ALTERNATIVE GUITAR SUMMIT 2017 CELEBRATES PAT METHENY at Le Poisson Rouge (March 10, 7 p.m.). Each year, the producer Joel Harrison convenes some of music’s most forward-thinking guitarists for a celebration of all things six-string, spread out over several days with concerts and master classes around New York. The peak event of this year’s run will honor Pat Metheny, a jazz-fusion guitarist who has won 20 Grammys and, in a career that began in the 1970s, has worked with virtuosos like Jaco Pastorius, Herbie Hancock, Jack DeJohnette and Joni Mitchell. Mr. Metheny will be toasted by a murderers’ row of ax masters, including the brilliant avant-garde wizard Nels Cline, performing with the Nels Cline Trio.
DUNGEN at BRIC Arts Media House (March 16, 7:30 and 9:30 p.m.). This consistently underrated psychedelic-rock band from Sweden rarely tours America, but for its latest United States appearance, the quartet will perform its most ambitious project to date: an original score to the 1926 silent fairy tale film “The Adventures of Prince Achmed,” by the German director Lotte Reiniger. Dungen’s companion piece is a stunning odyssey of spaced-out rock instrumentals, kinetic bebop grooves and heavy guitar jams that would not sound out of place on a Pink Floyd album.
STEPHAN CRUMP’S RHOMBAL at the Cornelia Street Café (March 15, 8 and 9:30 p.m.). If you recognize Mr. Crump, it’s likely as the bassist in Vijay Iyer’s renowned trio. But for many years he has maintained his own projects, often in the form of dimly lit, chamberlike music. His most recent album, “Rhombal,” features a suite of subtly woven original tunes performed by an outstanding quartet including the tenor saxophonist Ellery Eskelin, the trumpeter Adam O’Farrill and the drummer Tyshawn Sorey. The horns engage in an unhurried exchange, letting tones and colors drift upward.

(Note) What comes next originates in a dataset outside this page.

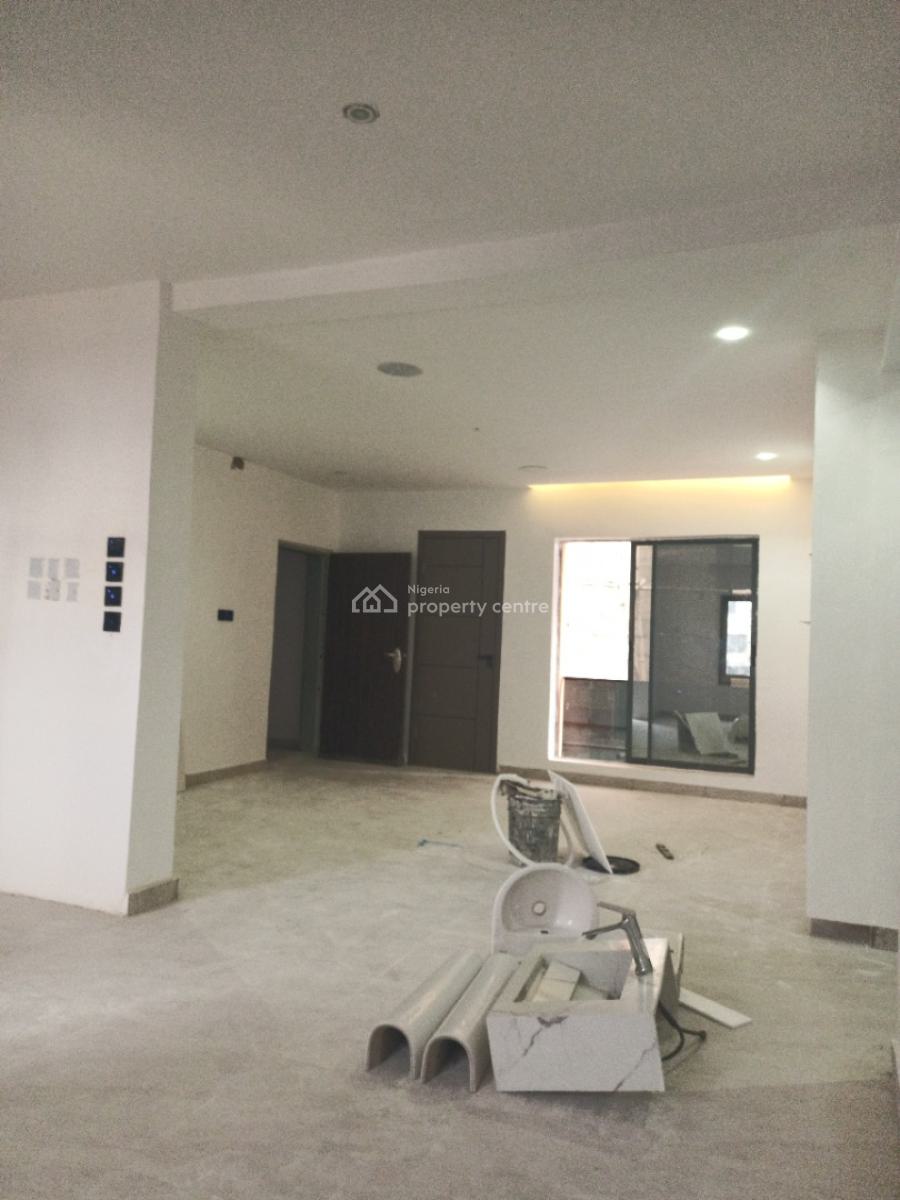 2bedroom Bedroom Apartment with Spacious Rooms, Lekki Phase 1, Lekki Phase 1, Lekki, Lagos, Block of Flats for Sale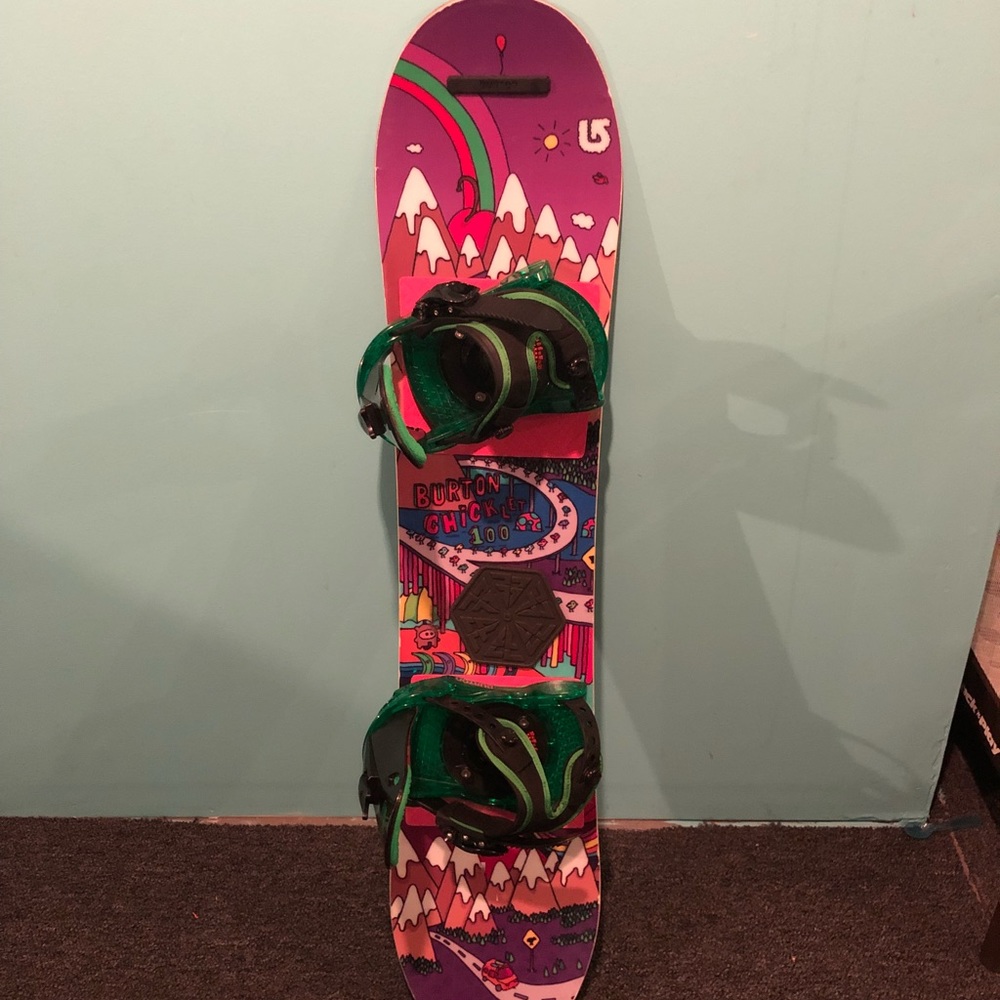 Burton chicklet 100 snowboard with bindings-kids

TOM CSATARI AND UNCIVILIZED at Barbès (March 15, 8 p.m.). Uncivilized is a little too raw to be called atmospheric, a little too pub-band to be called jazz, and a little too antivirtuoso to be called orchestral. This revolving group of horns, strings and percussion makes loosefitting music that seems to align with an alternative strain of New York City folklore — the genealogy of William S. Burroughs, Diane Arbus and John Zorn. Out next week, the collective’s latest EP, “New York,” consists of four tunes, each recorded live at a different since-closed watering hole in Brooklyn or Lower Manhattan. On Wednesday, Uncivilized celebrates the release by beginning a run of monthly shows at Barbès. For this performance the band will feature 12 musicians — including two guitarists, two bassists, two drummers and two bass clarinetists.